### Task input
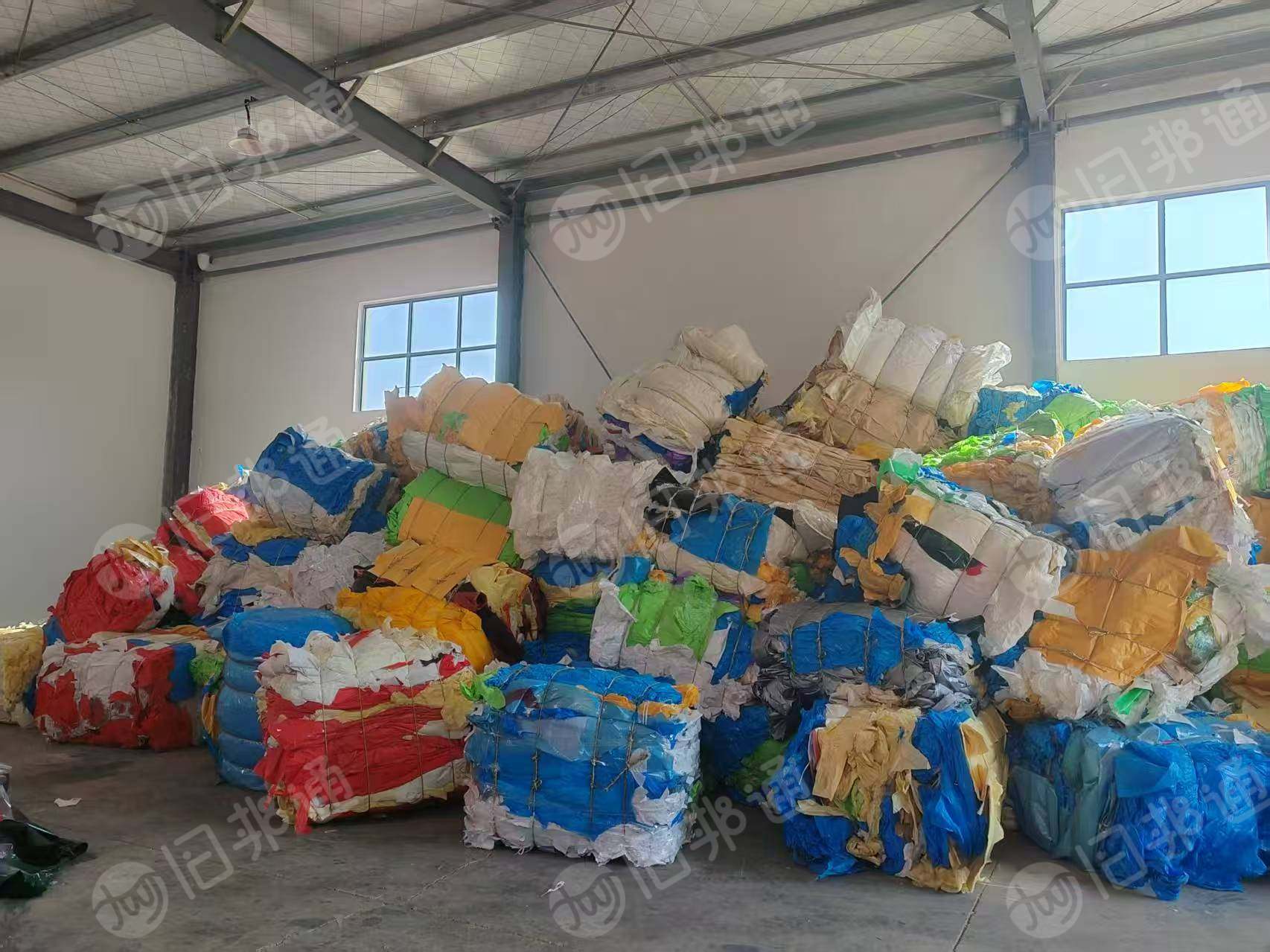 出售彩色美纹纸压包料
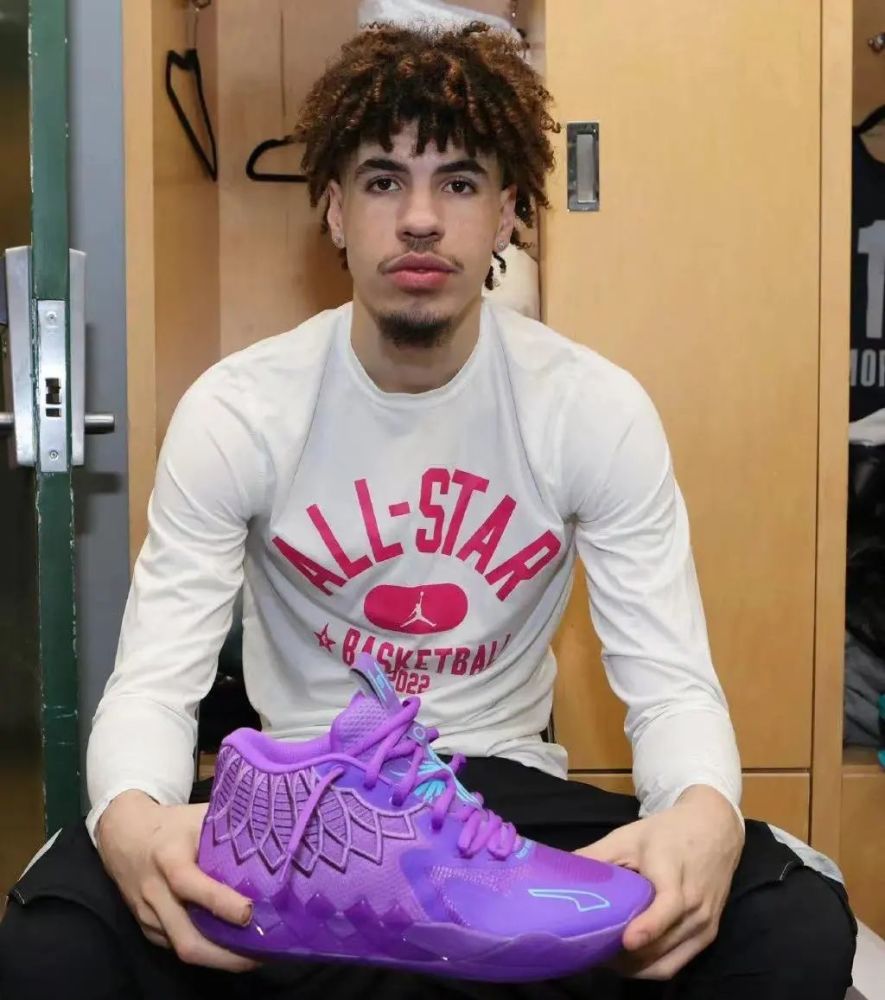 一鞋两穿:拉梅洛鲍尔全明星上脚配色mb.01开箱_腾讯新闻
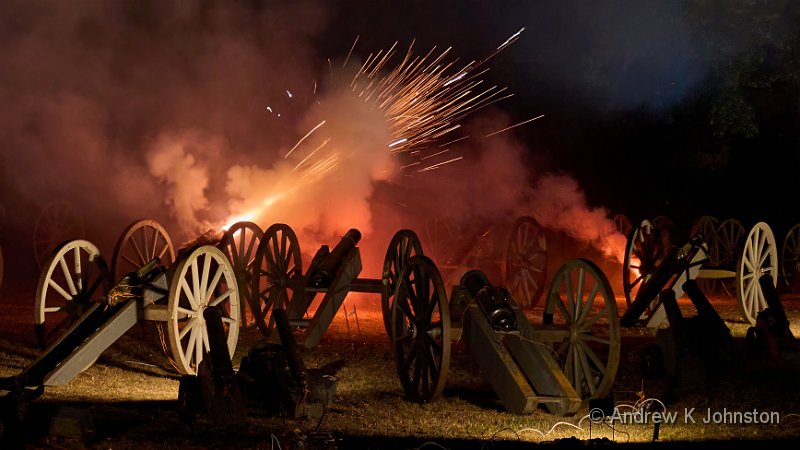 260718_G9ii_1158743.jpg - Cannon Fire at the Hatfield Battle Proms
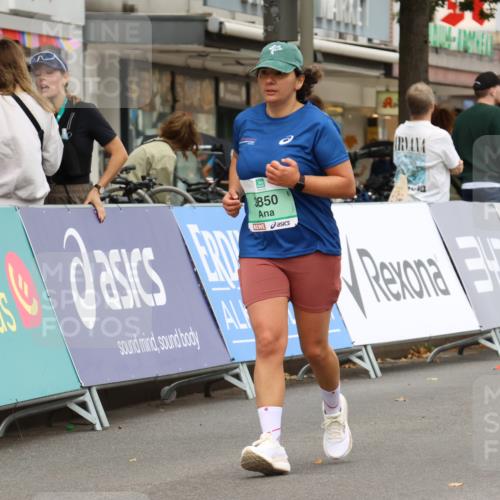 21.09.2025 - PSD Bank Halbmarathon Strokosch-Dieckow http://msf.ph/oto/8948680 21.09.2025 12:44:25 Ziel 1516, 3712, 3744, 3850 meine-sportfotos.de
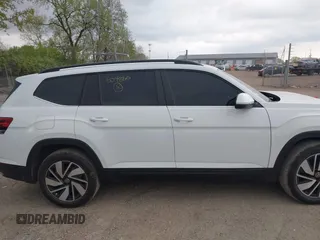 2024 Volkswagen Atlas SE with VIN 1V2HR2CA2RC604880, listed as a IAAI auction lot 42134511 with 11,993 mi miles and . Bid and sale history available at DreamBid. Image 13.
---
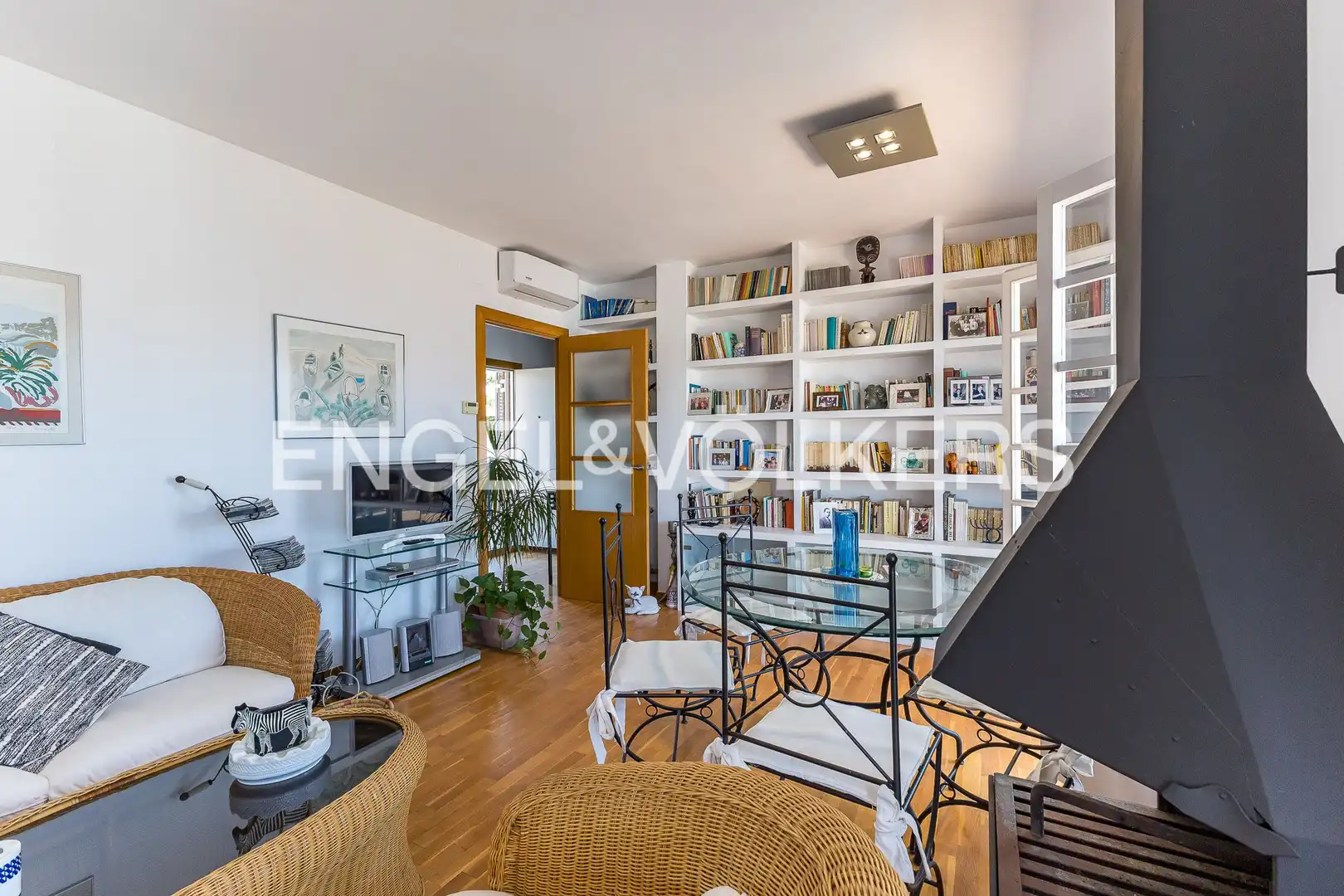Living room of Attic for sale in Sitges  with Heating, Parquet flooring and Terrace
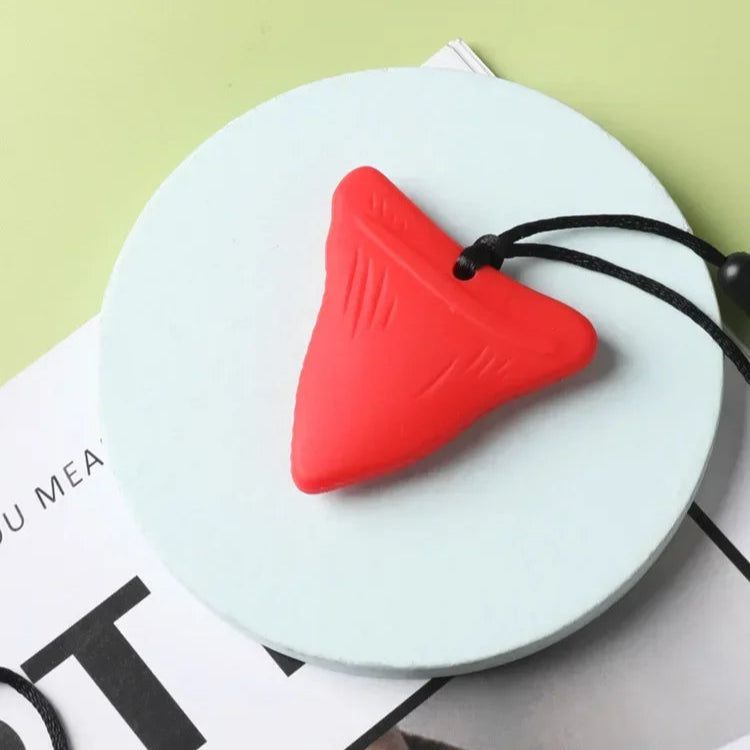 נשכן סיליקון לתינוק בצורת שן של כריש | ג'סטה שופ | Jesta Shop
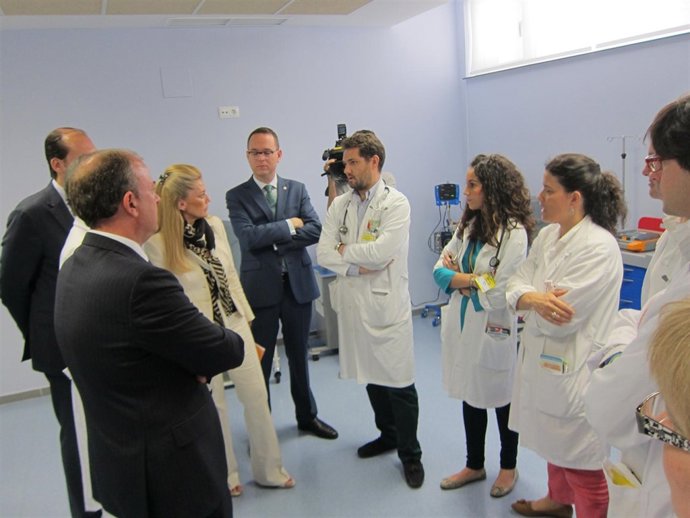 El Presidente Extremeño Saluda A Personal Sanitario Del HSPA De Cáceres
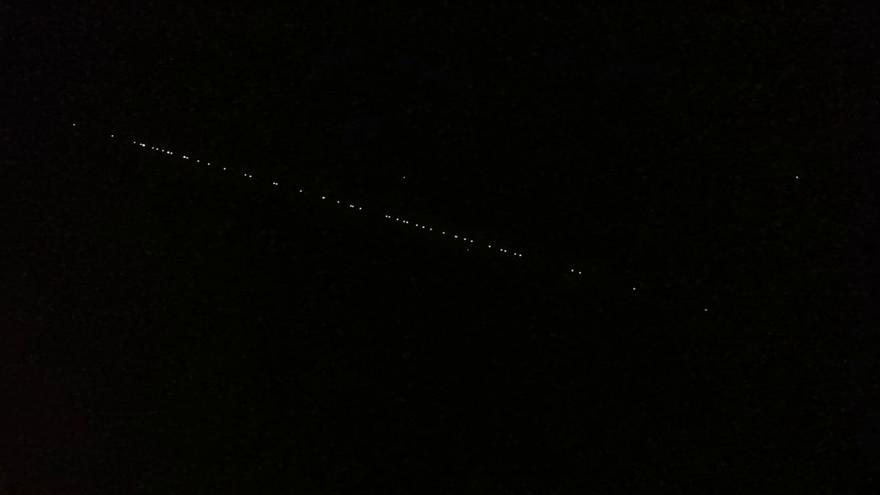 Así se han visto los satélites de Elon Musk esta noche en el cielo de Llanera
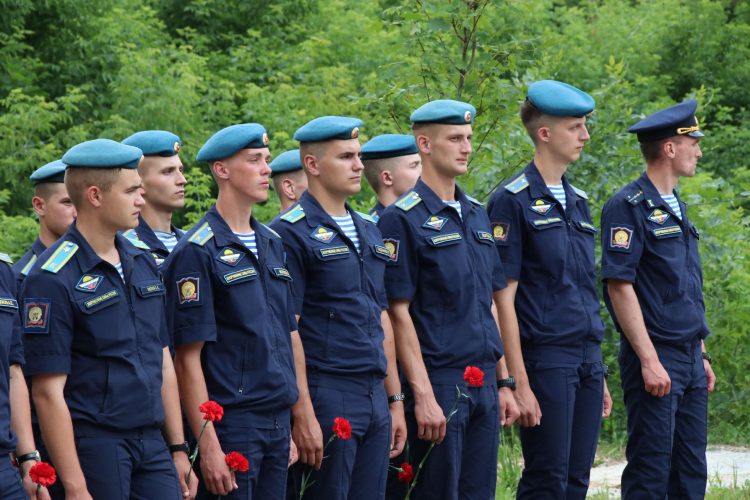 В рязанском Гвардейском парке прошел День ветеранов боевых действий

### Task directions
Although the records hold pictures, the copy must not; give again exactly the lines from the one with "El Presidente Extremeño" through the one with "В рязанском Гвардейском".

### Answer box
 El Presidente Extremeño Saluda A Personal Sanitario Del HSPA De Cáceres
 Así se han visto los satélites de Elon Musk esta noche en el cielo de Llanera
 В рязанском Гвардейском парке прошел День ветеранов боевых действий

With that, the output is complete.